Ich hoffe meine Einschätzungen waren für Sie hilfreich
ich wünsche Ihnen alles Gute Ihr Dr. R. C. Berg

Nachfrage
Sehr geehrten Herr Berg,
Vielen Dank für ihre ausführliche und auch für „Laien“ gut verständliche Erklärung und Analyse der Röntgenbilder. Jetzt ist mir alles klar, doch warum erklären es die Ärzte nicht so den Patienten? Dass nicht jedes Detail erklärt sein muss, ist in Ordnung, jedoch den logischen Zusammenhang von verschiedenen Methoden und Eingriffen sollte dem Patienten vermittelt werden.
Letzten Donnerstag hatte ich einen Operationstermin zur Rekonstruierung der vermeintlich beschädigten Streckersehne der großen Zehe. Es stellte sich jedoch heraus, das diese intakt ist, aber der Muskel nicht betätigt wird. Der Chirurg geht von einer Nervenquetschung durch einen Bluterguss aus, ausgelöst von der Fibulafraktur. Der weitere Weg ist noch unklar, die Nervenleitungsmessung durch einen Neurologen scheint durch die frische Wunde noch zu früh zu sein.
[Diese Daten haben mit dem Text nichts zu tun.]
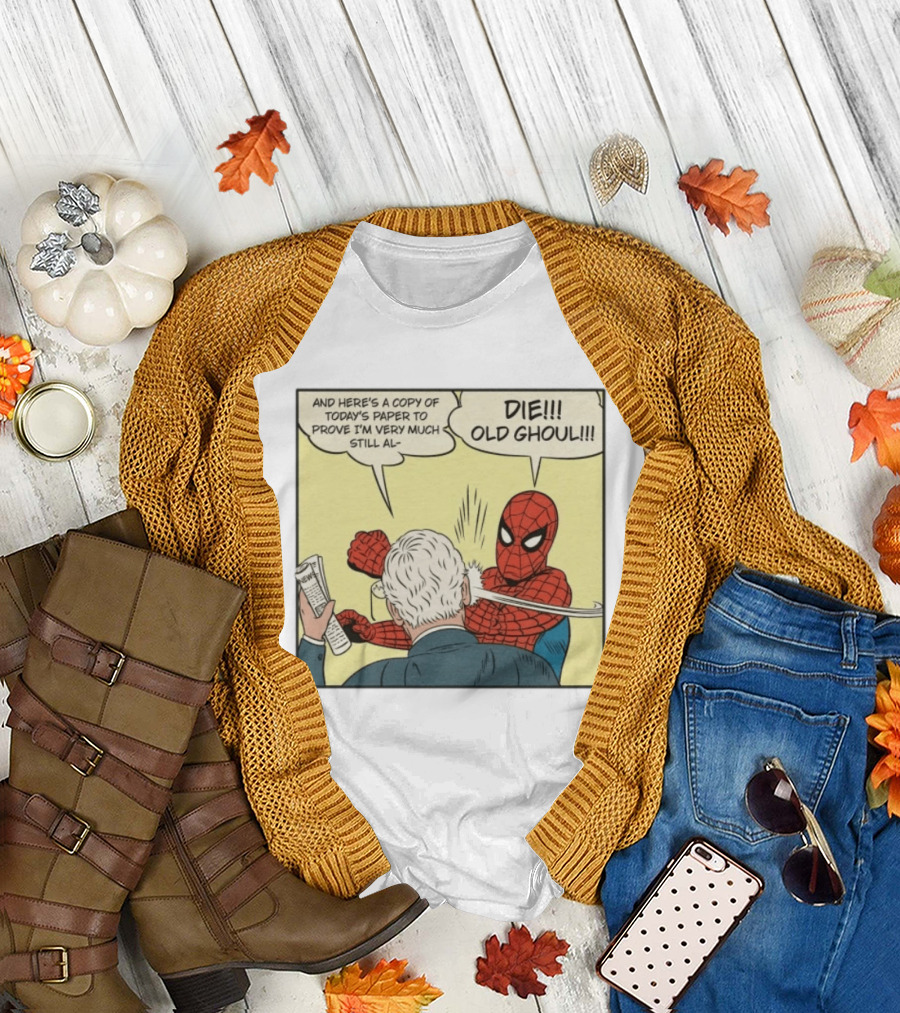 Spider Man Punching Mitch McConnell Die Old Ghoul Comic Meme T-Shirt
Vielen Dank durch ihre Unterstützung,
Ich werde ihr Portal weiterempfehlen.

Mit freundlichen Grüßen
Georg Geserer

Rückantwort
Sehr geehrter Herrr Geserer,

es freut mich dass ich Ihnen weiterhelfen konnte. So wie es aussieht, war also die Fraktur des Fibulaköpfchens, bzw. die Gewalt die dort auftraf für die Lähmung verantwortlich. Dies ist auch völlig verständlich, da in diesem Bereich er Nervus Peronäus, der für die Nervenversorgung des Muskelszuständig ist, sich dort in anatomischer Nachbarschaft befindet.

Warum Erklärungen oft zu kurz kommen liegt, neben dem allgemeinen Zeitmangel auch daran, dass diese "sprechende Medizin" schon lange nicht mehr adäquat vergütet wird.
Wenn Sie sich vorstellen, dass im GKV Bereich dem Hausarzt, (der mit breiter Ausbildung, Kenntnis des Patienten und hoffentlich der Fähigkeit auf der Ebene des Patienten verständlich zu kommunizieren) maximal 11 Euro pro Monat für ein Gespräch vergütet werden, können Sie sich ausrechenen, wieviele solcher "Beratungen" sie erbringen müssen um Praxis und Personal zu fianzieren und wie lange diese dann dauern dürfen !!!